Thursday, July 26, 2007

To Blog, Or Not to Blog

I'm not entirely sure how long I've had this blog page set up here, but it's been a long time. And yet, every time I've come to blog, I go through this strange mental upheaval where I agonize over what to write, why to write, and who to write for. A friend of mine recently espoused a resentment for the idea of blogging, suggesting that it is somehow presumptuous to think that people should want to read what you have to say. I think this mindset hit the nerve which had for so long been irritating my ability to begin this blog, because I have to admit: I agree.

I've read blog after blog that seem to be nothing more than ill-conceived rants, or some person on a mission to advance the rights of animals or convert the omnivore to vegan or prove that Bush has a genetic link to Satan through his father's side. What sort of pretentious boobs must we be to think that our raving is going to somehow sway people to our way of thinking, or somehow build a platform for us to grow our army of precocious blunderers to a size befitting world domination on behalf of the endangered black-spotted desert owl? (it's a made up species, so don't google it ;-)

And yet something within me pushes me to write - to log my thoughts, my feelings, my beliefs and questions, my convictions and concerns; and not just for myself, but for others to read and respond to. But why? Is it because I feel that I am somehow better than the majority of bloggers and writers, better than my fellow poets and bards? I must admit, I believe it is that thought that drives many of us to write, and has tempted me so many times before. We feel that somehow we are called to write because we have something important to say, as opposed to the masses of others who are but amateurs scratching and biting to make a name for themselves in a world that they have no place in. But no, that is no reason to put pen to paper or fingers to keyboard, for in truth we are no better, nor do we have more to say. Ours is but a line within a scene within a much bigger play, and we cannot perceive what gravity our part may bear out.

It is, however, for this reason that we must write, that we must create, that our words and existence bear weight and meaning. While we cannot paint the grand design, the stroke of our lives is what makes the whole a masterpiece, however minuscule and minor or grandiose and bold the stroke may be. It may be pretentious, a presumption of nobility to suggest that we have something to say, but in truth we would not exist were it not for our necessity as part of the grand design.

This is not a necessity born of importance or ability, but one of nuance and complexity, for we know not what our part may be, only that it exists. What impact might our existence perpetrate on the world? What seemingly insignificant happenstance could bear eternal fruit, or what supposedly important events lie forgotten in the dust of time? We cannot know, nor should we presume to suggest that we could. It is for this reason that we share, for this purpose that we join the grand narrative of life with our brief paragraph of testimony. For to withhold what we have seen, what we have undergone, is to presume that we have no place, that ours is the role of the audience doomed to watch the play from the anonymity of the cheap seats, our role surrendered to those less inhibited by decorum or common sense. To remain silent is to presume that we have seen the whole and not the part, and to suggest that we need not partake therein.

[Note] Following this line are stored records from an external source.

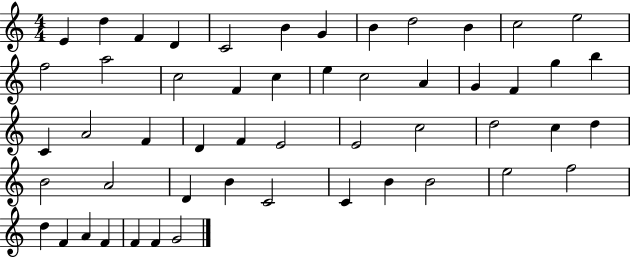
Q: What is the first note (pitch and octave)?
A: E4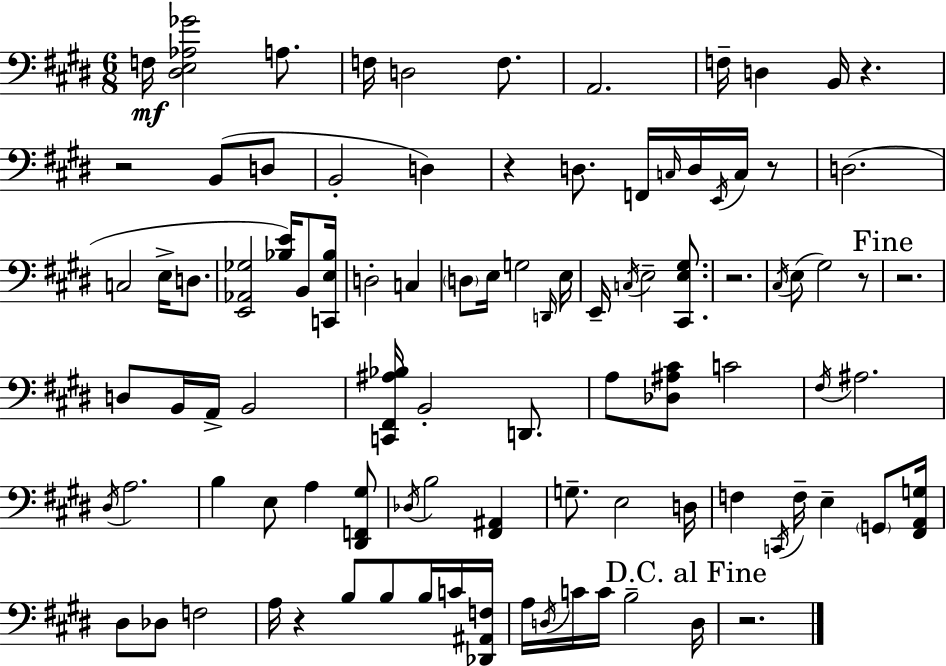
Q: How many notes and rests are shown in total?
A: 96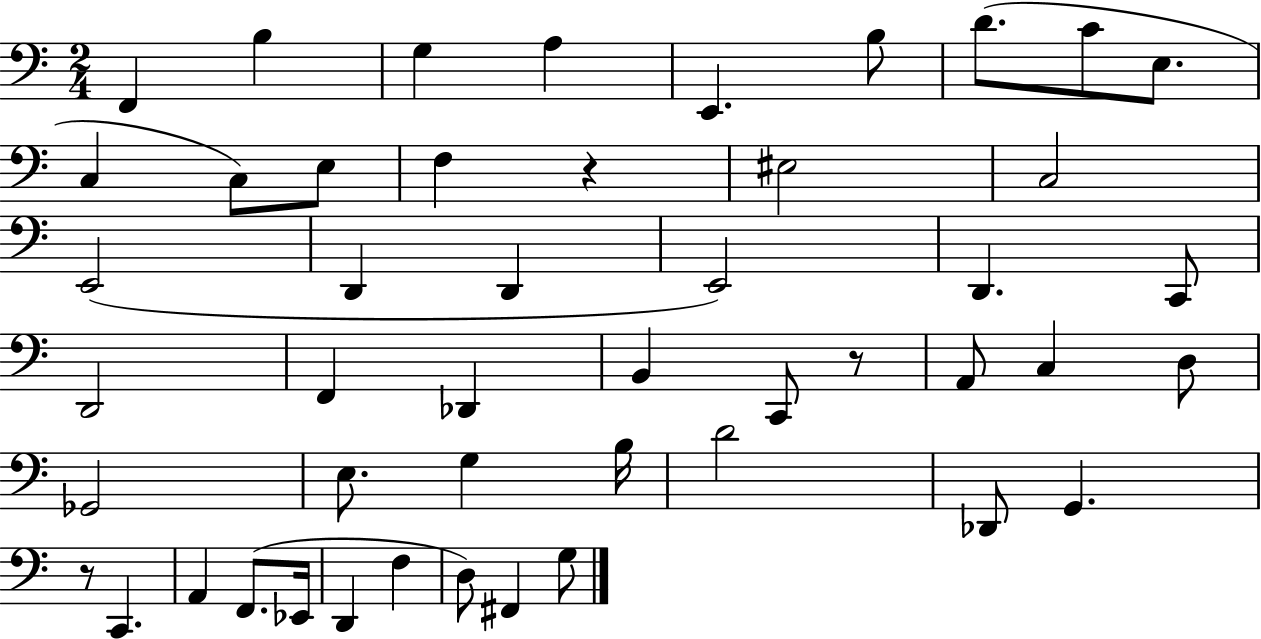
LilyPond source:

{
  \clef bass
  \numericTimeSignature
  \time 2/4
  \key c \major
  f,4 b4 | g4 a4 | e,4. b8 | d'8.( c'8 e8. | \break c4 c8) e8 | f4 r4 | eis2 | c2 | \break e,2( | d,4 d,4 | e,2) | d,4. c,8 | \break d,2 | f,4 des,4 | b,4 c,8 r8 | a,8 c4 d8 | \break ges,2 | e8. g4 b16 | d'2 | des,8 g,4. | \break r8 c,4. | a,4 f,8.( ees,16 | d,4 f4 | d8) fis,4 g8 | \break \bar "|."
}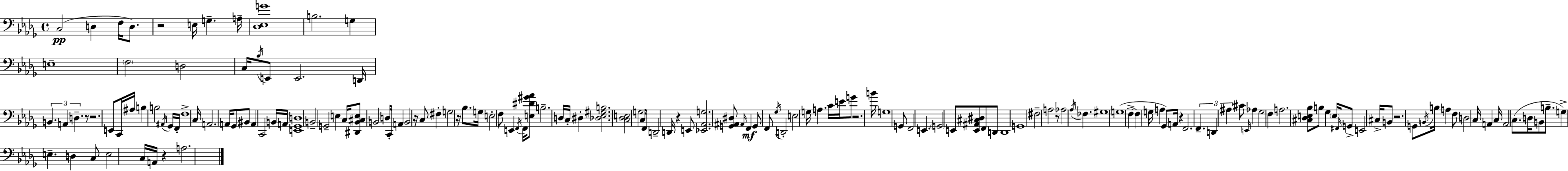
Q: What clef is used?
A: bass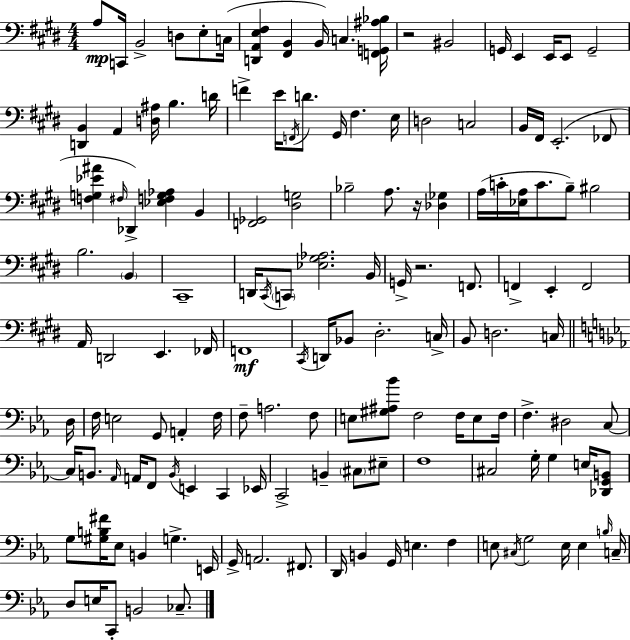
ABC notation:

X:1
T:Untitled
M:4/4
L:1/4
K:E
A,/2 C,,/4 B,,2 D,/2 E,/2 C,/4 [D,,A,,E,^F,] [^F,,B,,] B,,/4 C, [F,,G,,^A,_B,]/4 z2 ^B,,2 G,,/4 E,, E,,/4 E,,/2 G,,2 [D,,B,,] A,, [D,^A,]/4 B, D/4 F E/4 F,,/4 D/2 ^G,,/4 ^F, E,/4 D,2 C,2 B,,/4 ^F,,/4 E,,2 _F,,/2 [F,G,_E^A] ^F,/4 _D,, [_E,F,G,_A,] B,, [F,,_G,,]2 [^D,G,]2 _B,2 A,/2 z/4 [_D,_G,] A,/4 C/4 [_E,A,]/4 C/2 B,/2 ^B,2 B,2 B,, ^C,,4 D,,/4 ^C,,/4 C,,/2 [_E,^G,_A,]2 B,,/4 G,,/4 z2 F,,/2 F,, E,, F,,2 A,,/4 D,,2 E,, _F,,/4 F,,4 ^C,,/4 D,,/4 _B,,/2 ^D,2 C,/4 B,,/2 D,2 C,/4 D,/4 F,/4 E,2 G,,/2 A,, F,/4 F,/2 A,2 F,/2 E,/2 [^G,^A,_B]/2 F,2 F,/4 E,/2 F,/4 F, ^D,2 C,/2 C,/4 B,,/2 _A,,/4 A,,/4 F,,/2 B,,/4 E,, C,, _E,,/4 C,,2 B,, ^C,/2 ^E,/2 F,4 ^C,2 G,/4 G, E,/4 [_D,,G,,B,,]/2 G,/2 [^G,B,^F]/4 _E,/2 B,, G, E,,/4 G,,/4 A,,2 ^F,,/2 D,,/4 B,, G,,/4 E, F, E,/2 ^C,/4 G,2 E,/4 E, B,/4 C,/4 D,/2 E,/4 C,,/2 B,,2 _C,/2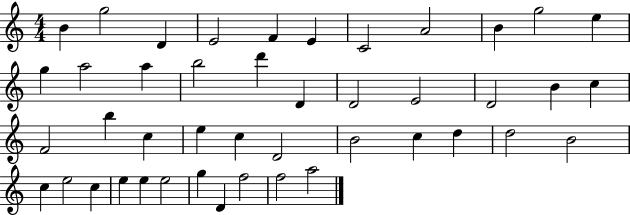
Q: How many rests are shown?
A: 0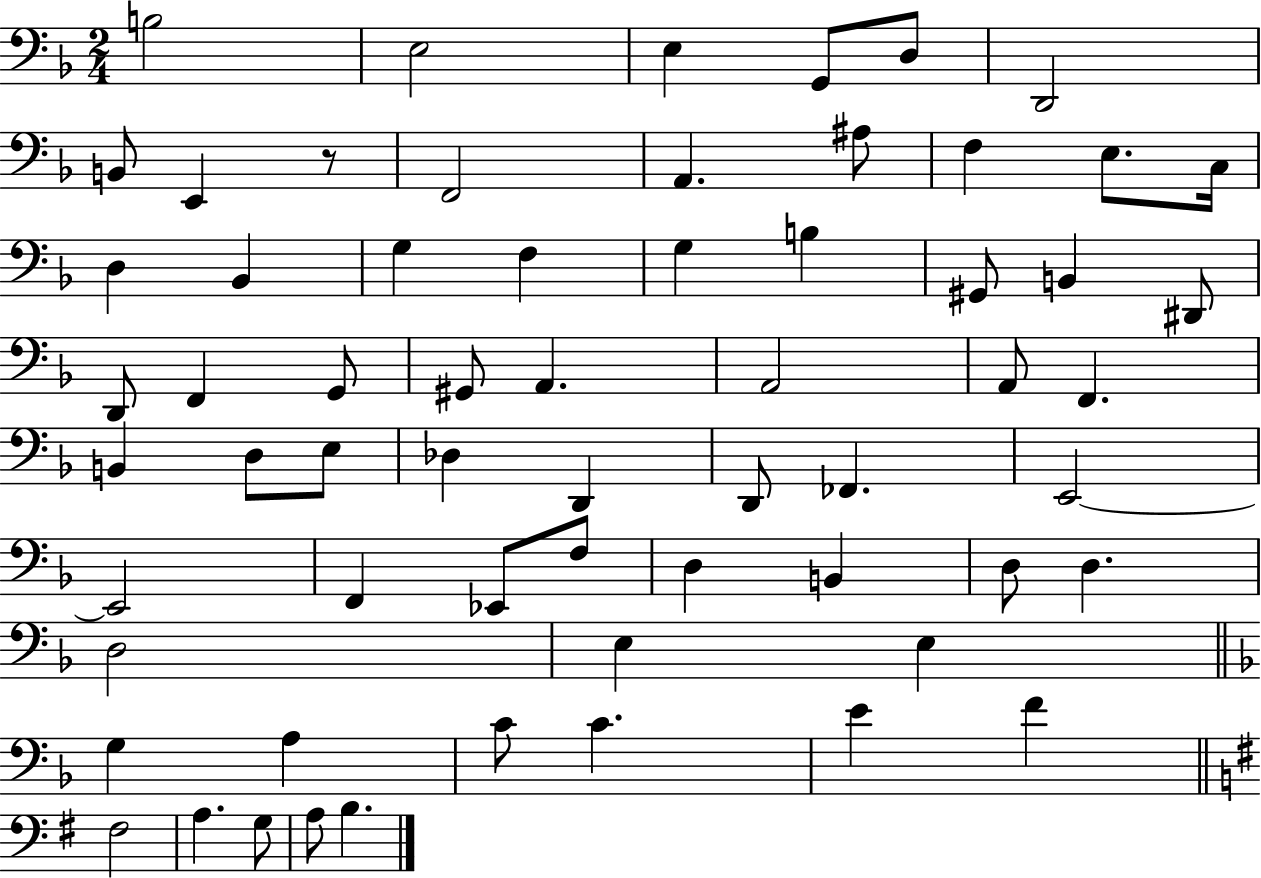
X:1
T:Untitled
M:2/4
L:1/4
K:F
B,2 E,2 E, G,,/2 D,/2 D,,2 B,,/2 E,, z/2 F,,2 A,, ^A,/2 F, E,/2 C,/4 D, _B,, G, F, G, B, ^G,,/2 B,, ^D,,/2 D,,/2 F,, G,,/2 ^G,,/2 A,, A,,2 A,,/2 F,, B,, D,/2 E,/2 _D, D,, D,,/2 _F,, E,,2 E,,2 F,, _E,,/2 F,/2 D, B,, D,/2 D, D,2 E, E, G, A, C/2 C E F ^F,2 A, G,/2 A,/2 B,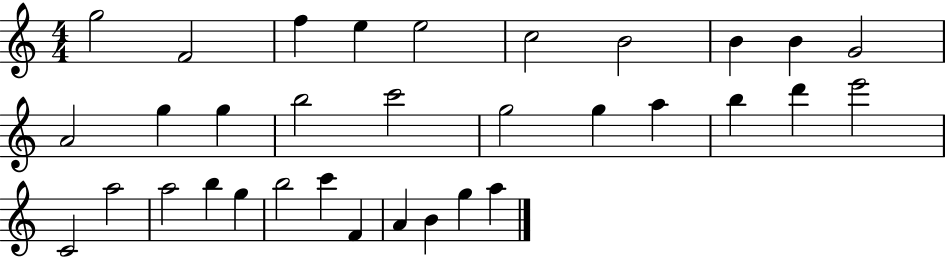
{
  \clef treble
  \numericTimeSignature
  \time 4/4
  \key c \major
  g''2 f'2 | f''4 e''4 e''2 | c''2 b'2 | b'4 b'4 g'2 | \break a'2 g''4 g''4 | b''2 c'''2 | g''2 g''4 a''4 | b''4 d'''4 e'''2 | \break c'2 a''2 | a''2 b''4 g''4 | b''2 c'''4 f'4 | a'4 b'4 g''4 a''4 | \break \bar "|."
}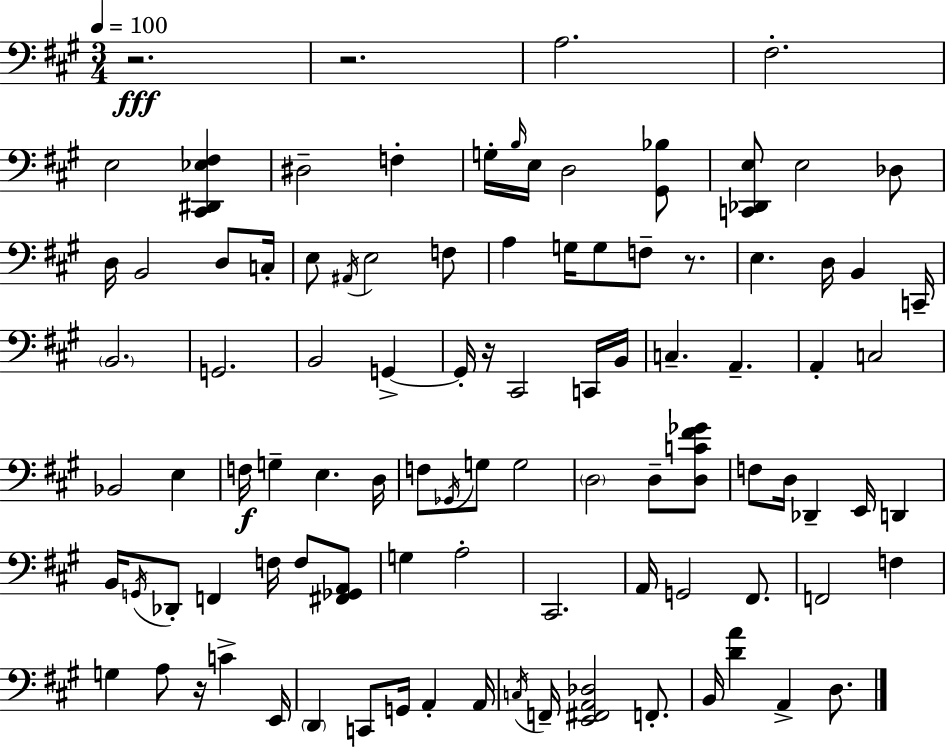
X:1
T:Untitled
M:3/4
L:1/4
K:A
z2 z2 A,2 ^F,2 E,2 [^C,,^D,,_E,^F,] ^D,2 F, G,/4 B,/4 E,/4 D,2 [^G,,_B,]/2 [C,,_D,,E,]/2 E,2 _D,/2 D,/4 B,,2 D,/2 C,/4 E,/2 ^A,,/4 E,2 F,/2 A, G,/4 G,/2 F,/2 z/2 E, D,/4 B,, C,,/4 B,,2 G,,2 B,,2 G,, G,,/4 z/4 ^C,,2 C,,/4 B,,/4 C, A,, A,, C,2 _B,,2 E, F,/4 G, E, D,/4 F,/2 _G,,/4 G,/2 G,2 D,2 D,/2 [D,C^F_G]/2 F,/2 D,/4 _D,, E,,/4 D,, B,,/4 G,,/4 _D,,/2 F,, F,/4 F,/2 [^F,,_G,,A,,]/2 G, A,2 ^C,,2 A,,/4 G,,2 ^F,,/2 F,,2 F, G, A,/2 z/4 C E,,/4 D,, C,,/2 G,,/4 A,, A,,/4 C,/4 F,,/4 [E,,^F,,A,,_D,]2 F,,/2 B,,/4 [DA] A,, D,/2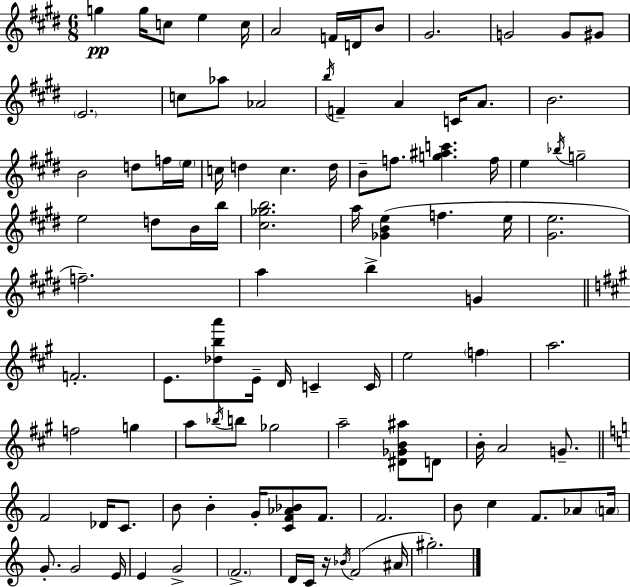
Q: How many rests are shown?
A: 1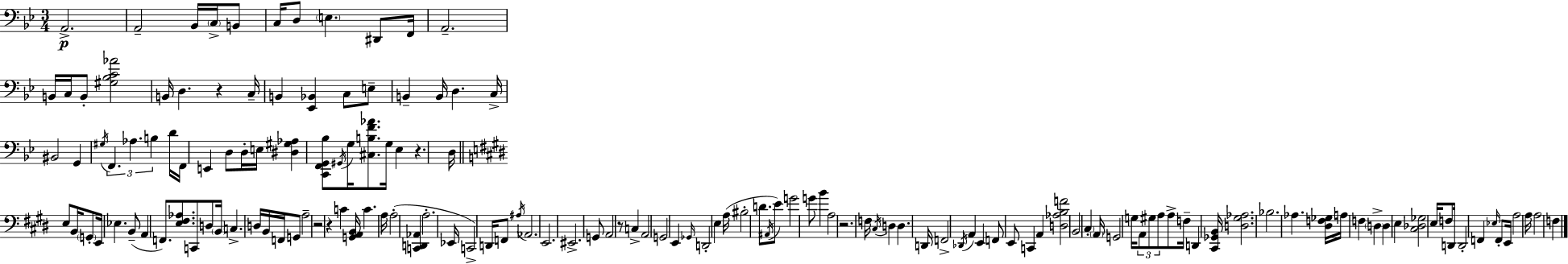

Perhaps it seems pretentious to add our stories when there is such a great mass of stories to behold, but I say that it is more pretentious to bite our tongue when there are within us tales of grief and woe, of joys and victories that do not belong to us alone, but to all who could be blessed and encouraged and challenged by our testimony of God's goodness and provision. For in reality it is His story - a story of hurt and healing, of death and rebirth, of loss and restoration - that we find ourselves in. A story that, while we did not write it, we have a role in, and it is a role that would not exist were it not for the beauty and completeness that it brings to the narrative. So I choose to speak, to share, to join in the song of the redeemed with a harmony that is entirely my own in a desire to enjoy my place in the story and not miss out on the beauty of the intricacy of the tale we find ourselves in.